__EXERCISE OBJECTIVE__.
When you retype the data, keep every word exactly and include none of the pictures.

__EXTRACTED DATA__.
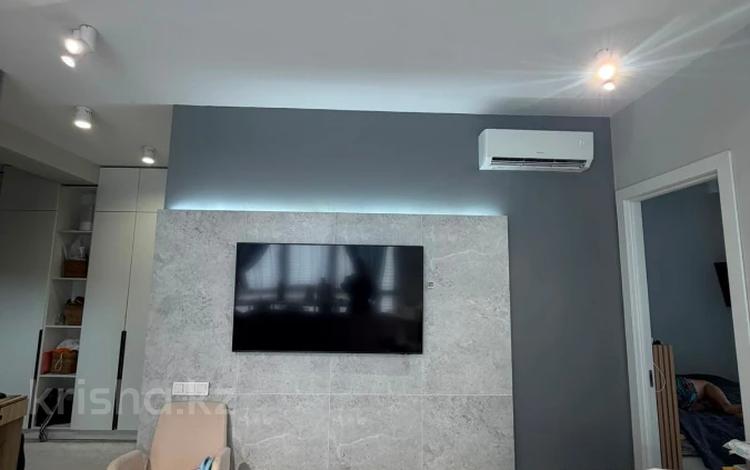 2-бөлмелі пәтер · 60 м² · 5/13 қабат, Ади Шарипова 145, бағасы: 67 млн ₸ в Алматы, Алмалинский р-н — фото 2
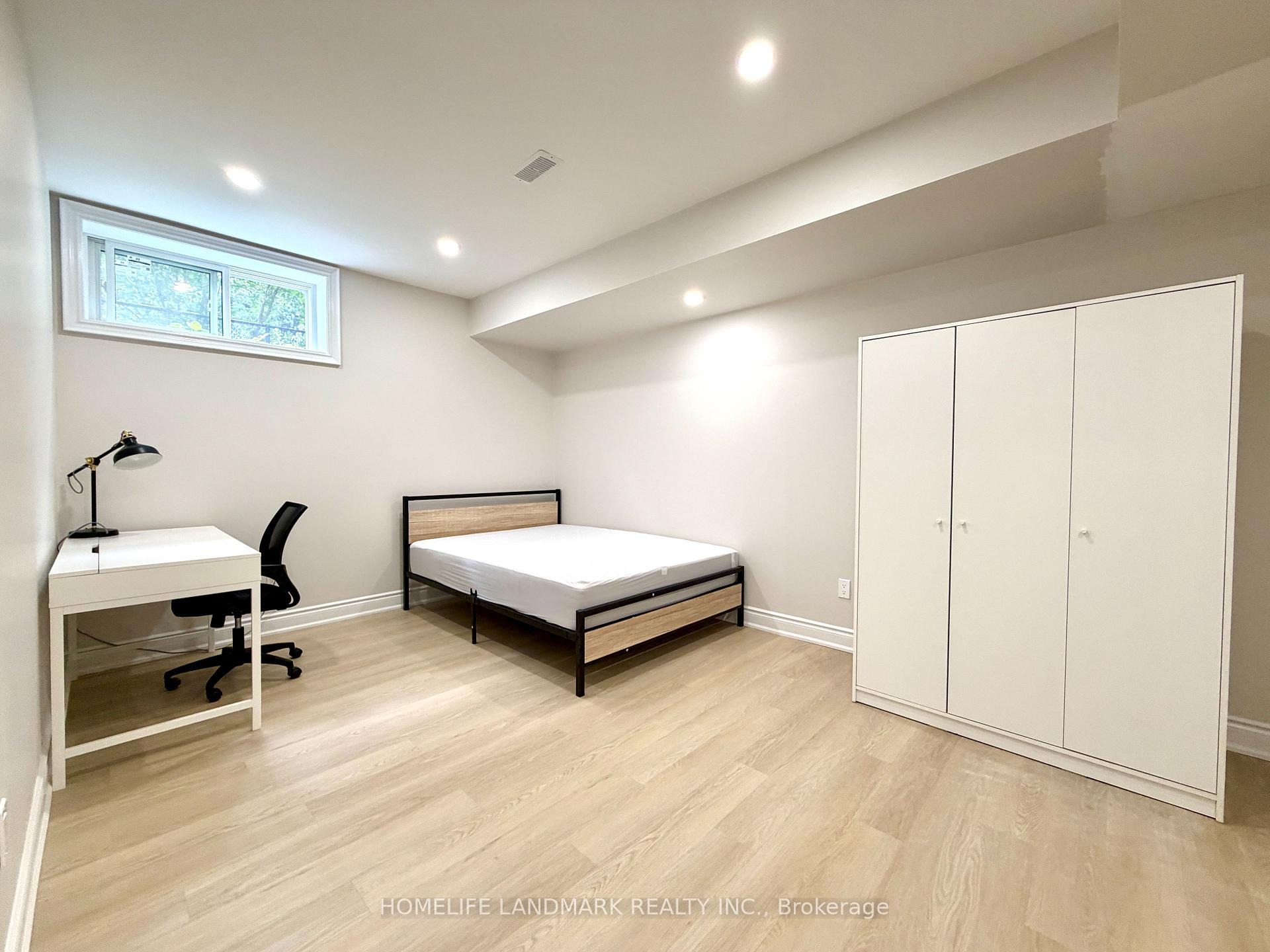 Photo 4 of 3380 Tudor Gate, Mississauga, Erin Mills — HOMEH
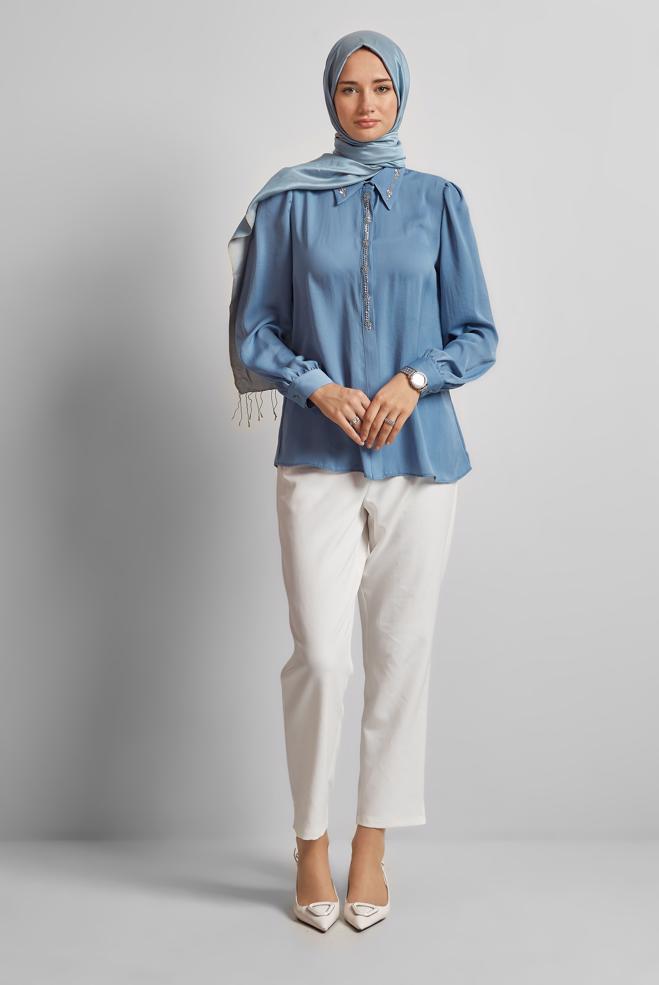 Tesettür giyim MAVİ TAŞ DETAYLI BLUZ 45682 - ALVİNA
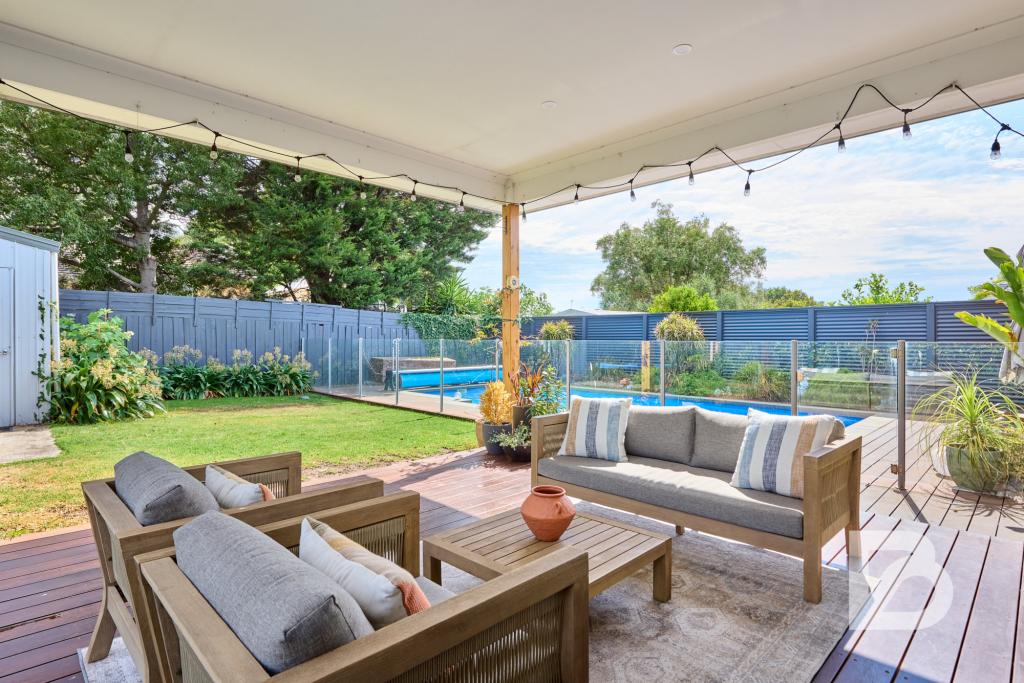 27 Vialls Ave, Parkdale, VIC 3195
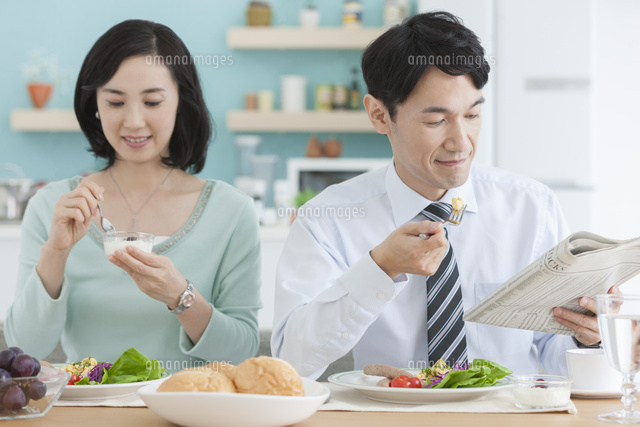 朝食を食べる夫婦 の写真素材 イラスト素材 アマナイメージズ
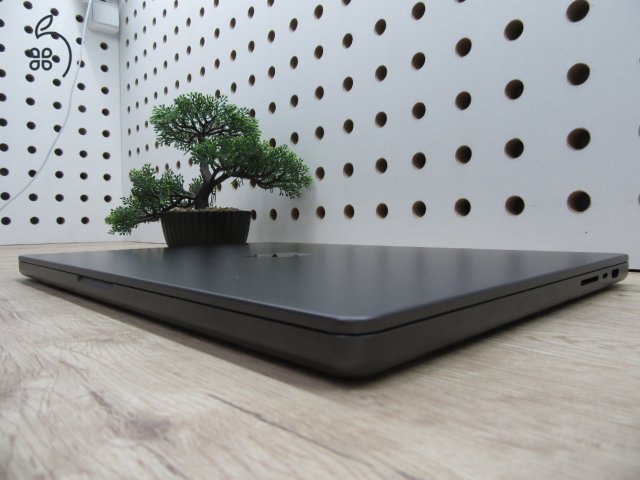 Apple MacBook Pro 16” (2023, M3 Pro) – Liquid Retina XDR + ProMotion 120 Hz, akár 22 óra – 36 GB RAM – 500 GB SSD – Használt, karcmentes – 133 ciklus / 90% akku – 3 hónap garancia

__EXERCISE ANSWER__.
 2-бөлмелі пәтер · 60 м² · 5/13 қабат, Ади Шарипова 145, бағасы: 67 млн ₸ в Алматы, Алмалинский р-н — фото 2
 Photo 4 of 3380 Tudor Gate, Mississauga, Erin Mills — HOMEH
 Tesettür giyim MAVİ TAŞ DETAYLI BLUZ 45682 - ALVİNA
 27 Vialls Ave, Parkdale, VIC 3195
 朝食を食べる夫婦 の写真素材 イラスト素材 アマナイメージズ
 Apple MacBook Pro 16” (2023, M3 Pro) – Liquid Retina XDR + ProMotion 120 Hz, akár 22 óra – 36 GB RAM – 500 GB SSD – Használt, karcmentes – 133 ciklus / 90% akku – 3 hónap garancia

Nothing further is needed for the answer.